For $a,n \in \Bbb N$, how to prove if $a^n-1$ is prime then $a=2$ and $n$ is prime?

Question

Suppose $a,n \in \Bbb N $. How do you prove that if $a^n-1$ is prime, then $a=2$ and $n$ is prime .

Is the converse true I.E : (if $p$ is prime then $2^p-1$ is prime)?

Answer 1

If $n=1,a-1$ will be prime $=p$(say) if $a=p+1$ where $p$ is any prime.

For $n>1,$

As here $(a-1)\mid(a^n-1)$

$a-1$ must be $<2\implies a=2$

Now, if $n=rs$ where $r,s$ are integers$>1$,

$(a^r-1)\mid (a^{rs}-1)\implies a^n-1$ can not be prime

So, the necessary condition for $a^n-1$ be prime are $a=2$ and $n$ is prime.

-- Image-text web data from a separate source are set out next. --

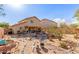 Expansive backyard showcasing desert landscaping, a covered patio, and serene outdoor space at 28071 N Superior Rd, San Tan Valley, AZ 85143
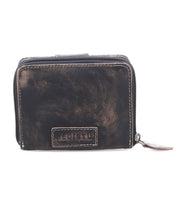 A small, distressed brown compact leather wallet by Bed|Stü, the Plus, featuring a zipper closure and a stitched label on the front that reads "BEDISTU." This stylish bifold wallet also includes a zippered coin pocket for added convenience.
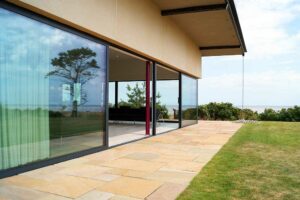 Modern house with expansive picture windows overlooking a grassy yard and distant trees.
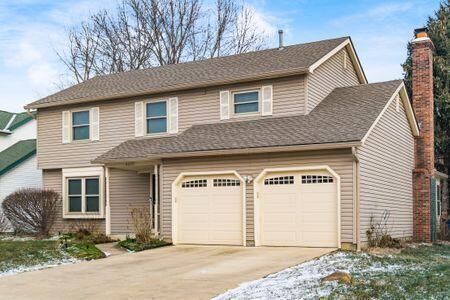 5200 Garmouth Ct, Columbus, OH 43221 - traditional-style home with concrete driveway and a chimney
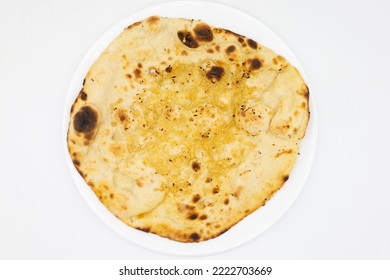 Garlic Naan Bread On A White Plate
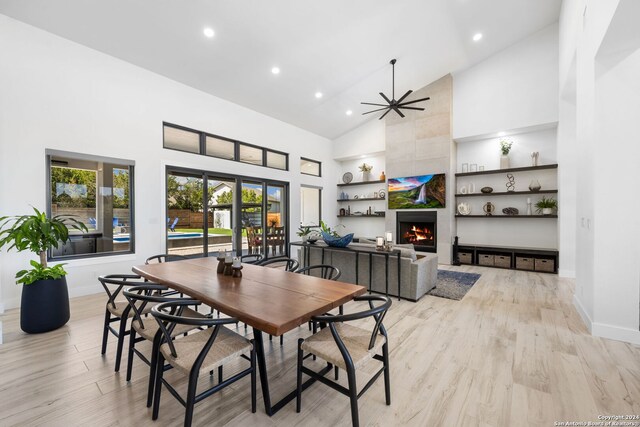 dining room featuring high vaulted ceiling, a tiled fireplace, ceiling fan, and light wood-type flooring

The converse is not true as for example $2^p-1$ is not prime for $p=11$

This using $3$rd theorem of this, if prime $q\mid(2^p-1), 2p\mid(q-1)$ i.e., $q=2\cdot k\cdot p+1$ where integer $k\ge0$

For $p=11, q=22k+1$ and we can verify $2^{11}-1=23\cdot89$

Reference: List of known Mersenne primes

Answer 2

You will find that $23$ divides $2^{11}-1$.

For much more, search for Mersenne prime. From the computations that have been done, $2^p-1$ is composite for "most" primes $p$. The finding of a Mersenne prime is a fairly rare event. But it just happened again recently.